--- Exercise prompt ---
Go through the records below and return each line that has "href" in it.
___ Supplied material ___
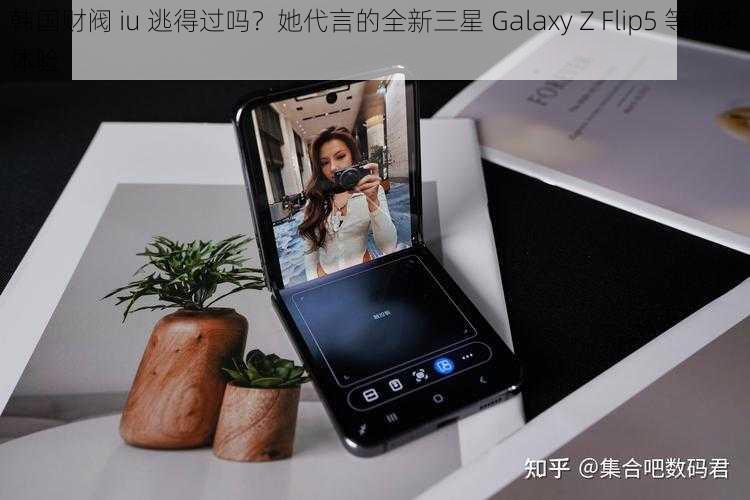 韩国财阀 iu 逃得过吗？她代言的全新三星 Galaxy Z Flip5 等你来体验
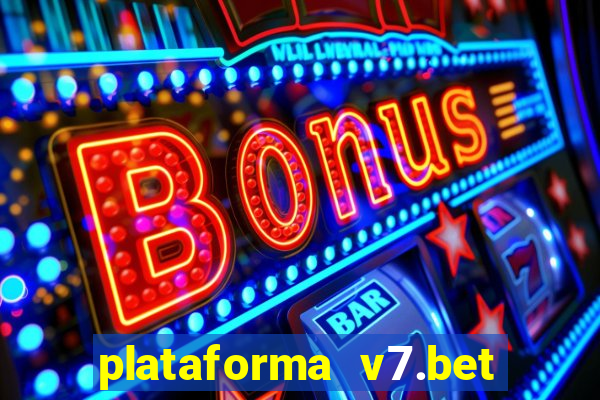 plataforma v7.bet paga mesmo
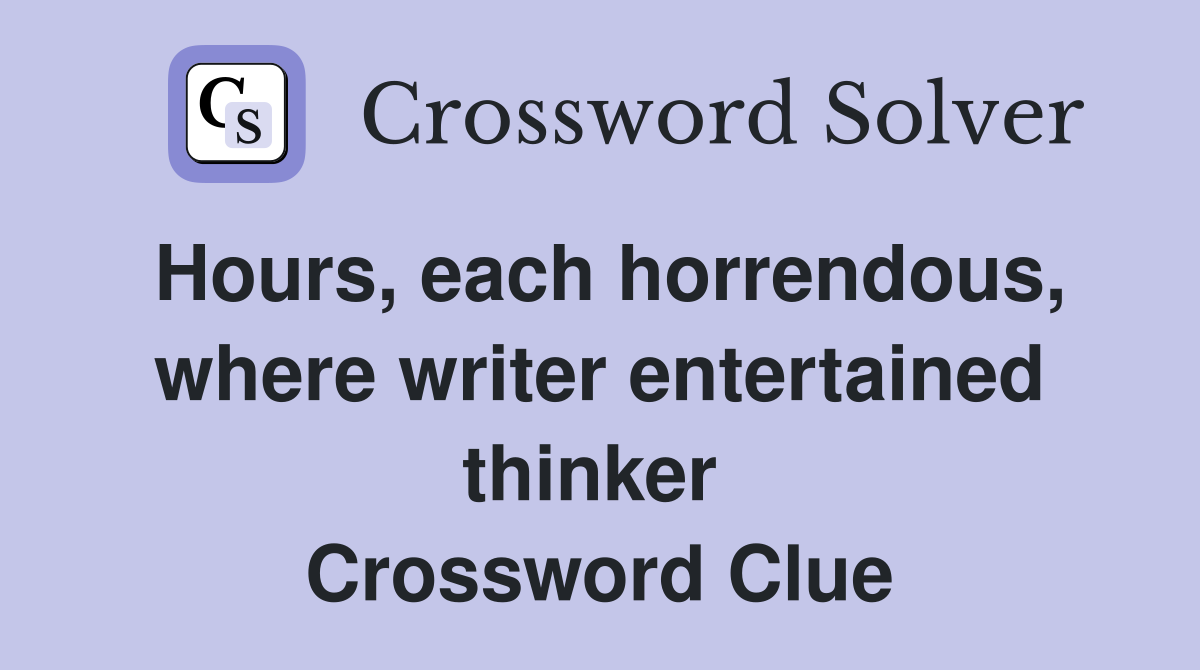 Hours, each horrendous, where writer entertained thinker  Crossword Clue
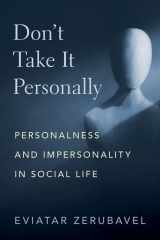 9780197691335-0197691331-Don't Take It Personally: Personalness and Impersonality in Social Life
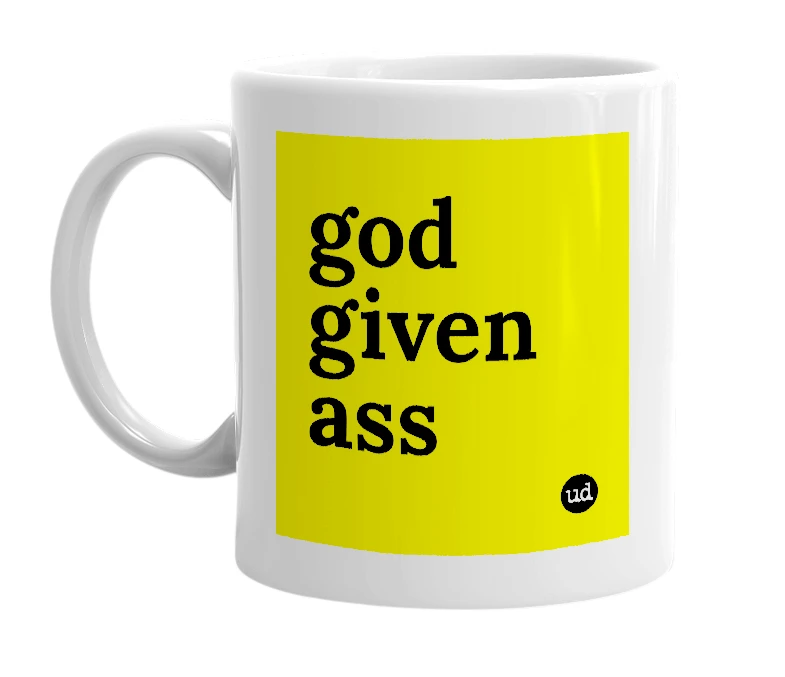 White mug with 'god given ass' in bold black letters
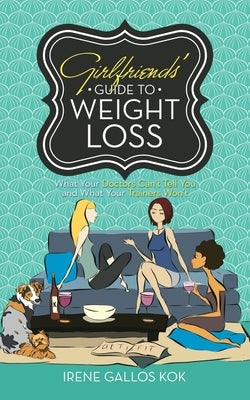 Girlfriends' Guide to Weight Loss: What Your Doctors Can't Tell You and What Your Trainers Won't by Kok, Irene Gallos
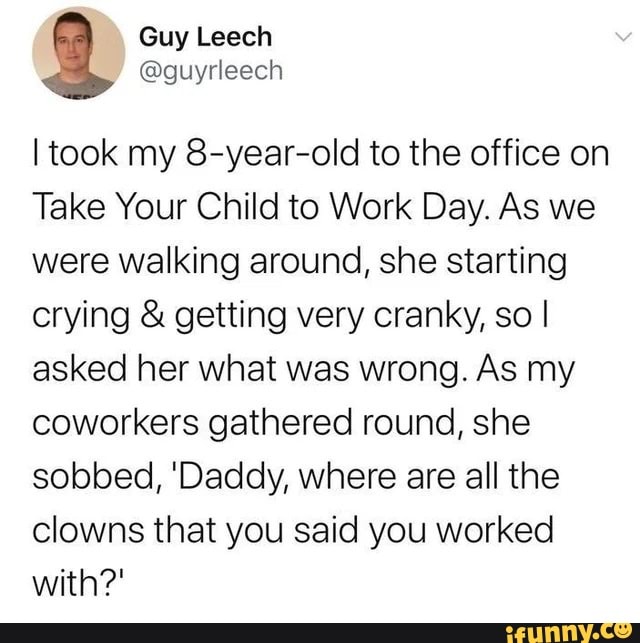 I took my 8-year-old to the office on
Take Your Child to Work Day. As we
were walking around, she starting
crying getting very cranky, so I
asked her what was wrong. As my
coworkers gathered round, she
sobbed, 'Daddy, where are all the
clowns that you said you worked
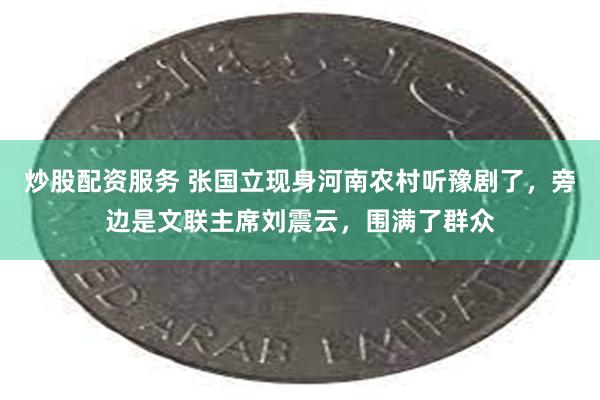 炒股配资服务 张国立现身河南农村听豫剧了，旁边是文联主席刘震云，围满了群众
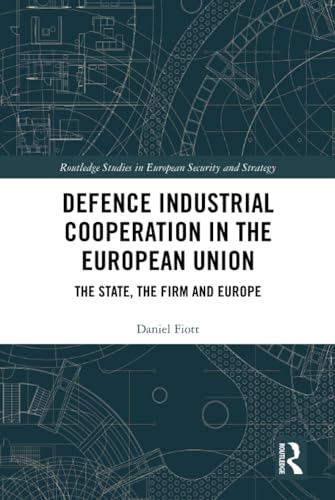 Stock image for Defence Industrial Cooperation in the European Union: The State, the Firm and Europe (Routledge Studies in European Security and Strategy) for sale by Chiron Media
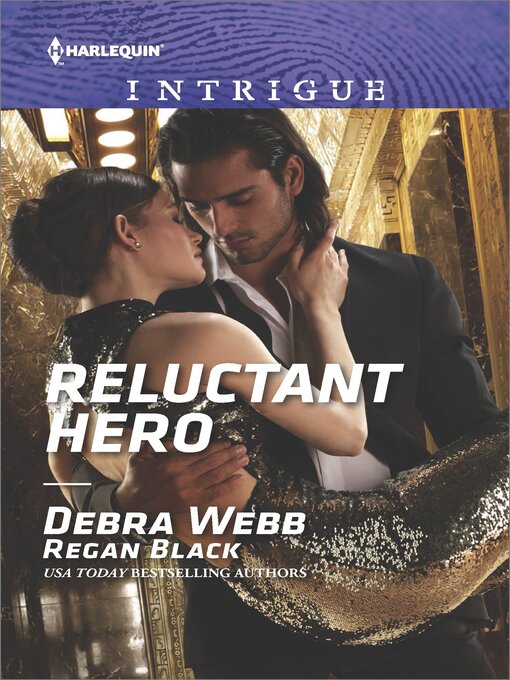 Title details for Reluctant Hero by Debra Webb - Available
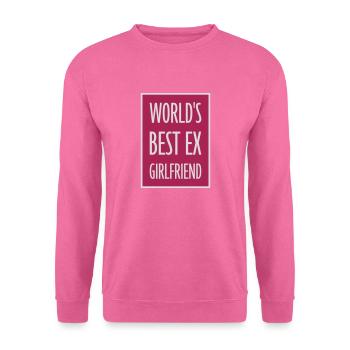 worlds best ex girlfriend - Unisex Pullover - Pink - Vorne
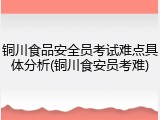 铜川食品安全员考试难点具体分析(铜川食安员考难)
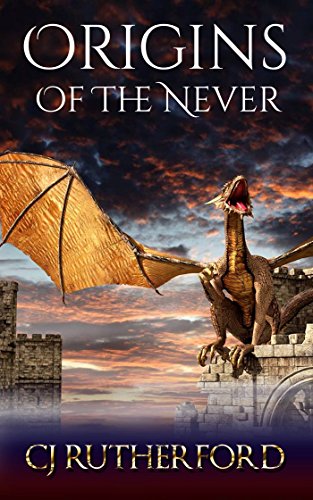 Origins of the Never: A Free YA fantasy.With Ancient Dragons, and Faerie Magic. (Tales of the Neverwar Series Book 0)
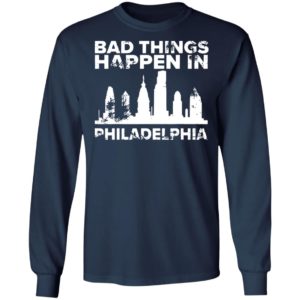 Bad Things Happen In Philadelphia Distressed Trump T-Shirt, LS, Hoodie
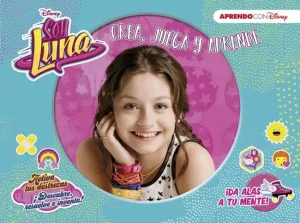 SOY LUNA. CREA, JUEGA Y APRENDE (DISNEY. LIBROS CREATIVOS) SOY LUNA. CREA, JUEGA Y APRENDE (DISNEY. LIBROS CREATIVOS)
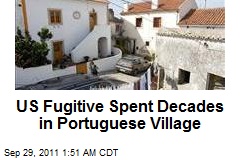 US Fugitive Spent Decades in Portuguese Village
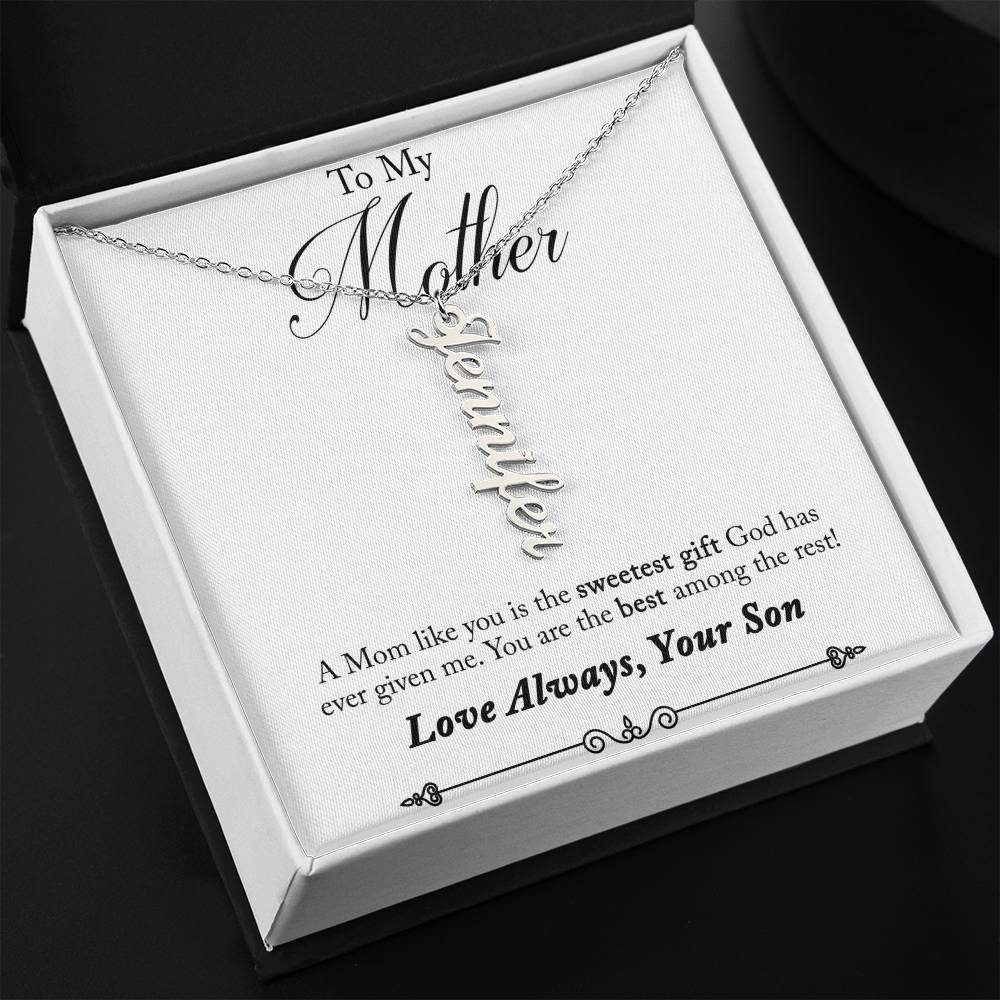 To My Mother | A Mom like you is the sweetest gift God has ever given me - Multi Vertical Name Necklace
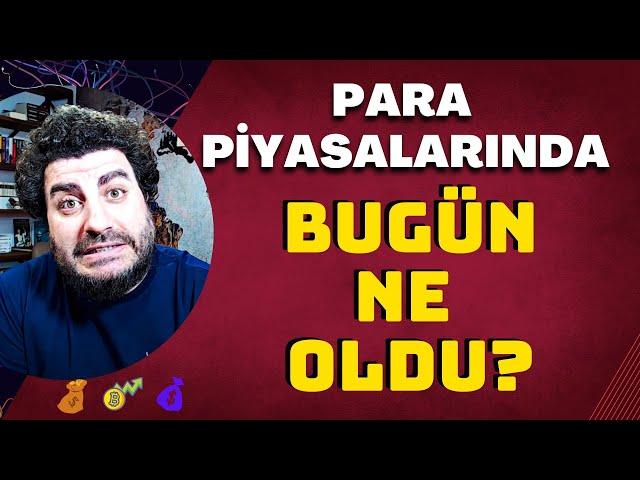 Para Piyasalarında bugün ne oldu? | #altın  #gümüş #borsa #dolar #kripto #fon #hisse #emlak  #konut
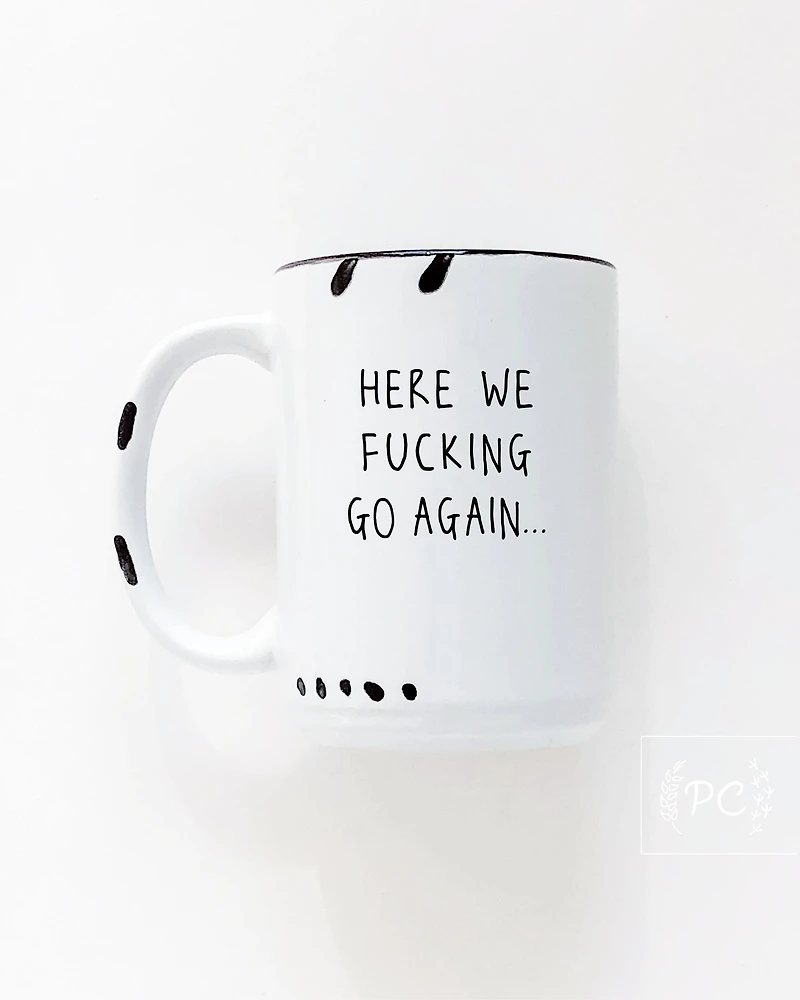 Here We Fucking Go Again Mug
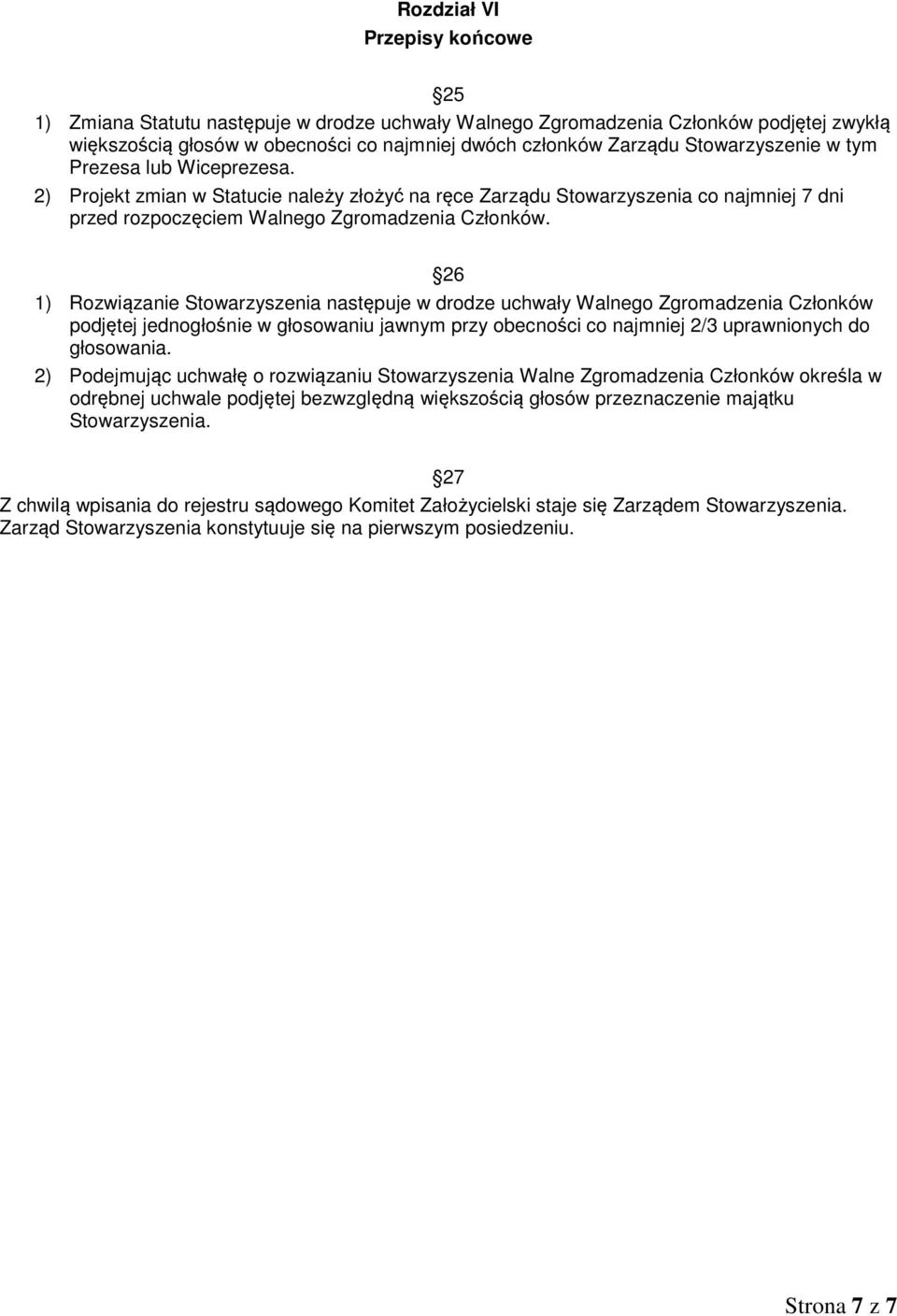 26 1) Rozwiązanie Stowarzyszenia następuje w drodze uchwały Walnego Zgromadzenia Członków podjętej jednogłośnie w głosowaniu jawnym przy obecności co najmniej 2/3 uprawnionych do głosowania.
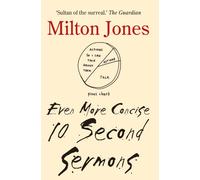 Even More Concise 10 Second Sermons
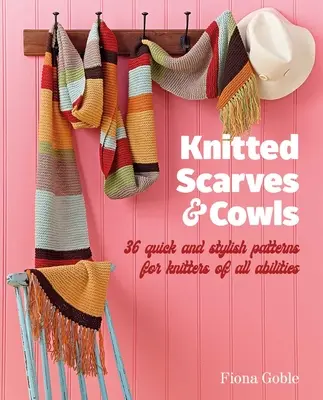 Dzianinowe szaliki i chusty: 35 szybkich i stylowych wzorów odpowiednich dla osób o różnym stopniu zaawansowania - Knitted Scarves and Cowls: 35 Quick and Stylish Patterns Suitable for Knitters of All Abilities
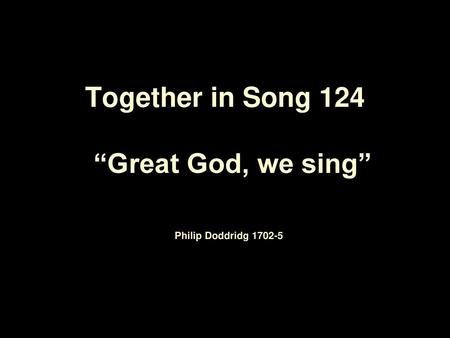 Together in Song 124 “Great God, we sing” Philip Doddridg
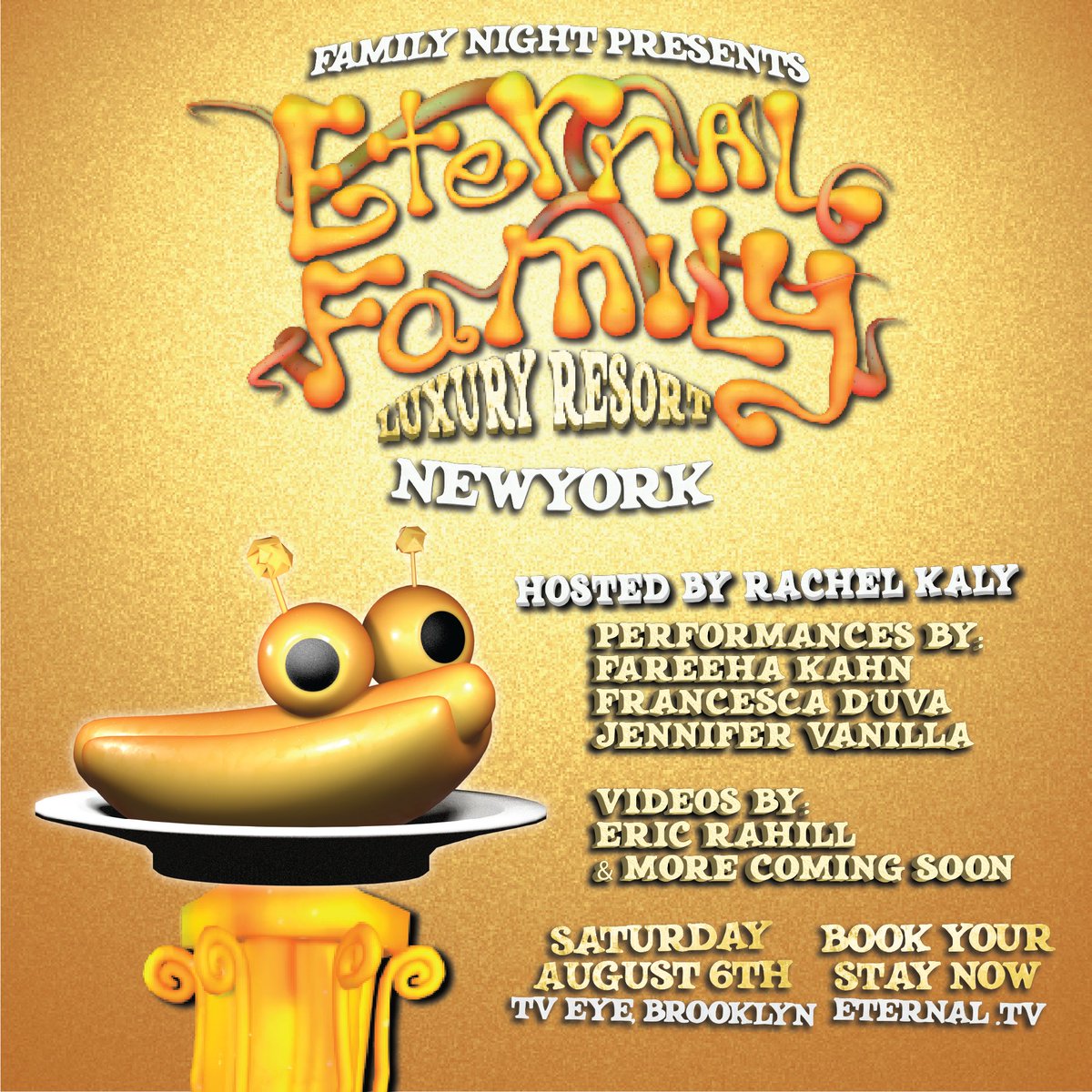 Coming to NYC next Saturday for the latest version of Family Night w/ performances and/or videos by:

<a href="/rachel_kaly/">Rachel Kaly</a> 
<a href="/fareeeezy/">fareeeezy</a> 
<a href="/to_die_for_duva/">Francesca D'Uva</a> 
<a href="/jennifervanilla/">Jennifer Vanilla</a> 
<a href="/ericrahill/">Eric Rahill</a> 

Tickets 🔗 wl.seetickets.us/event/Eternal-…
___
--- Response to the task ---
<a href="/rachel_kaly/">Rachel Kaly</a> 
<a href="/fareeeezy/">fareeeezy</a> 
<a href="/to_die_for_duva/">Francesca D'Uva</a> 
<a href="/jennifervanilla/">Jennifer Vanilla</a> 
<a href="/ericrahill/">Eric Rahill</a> 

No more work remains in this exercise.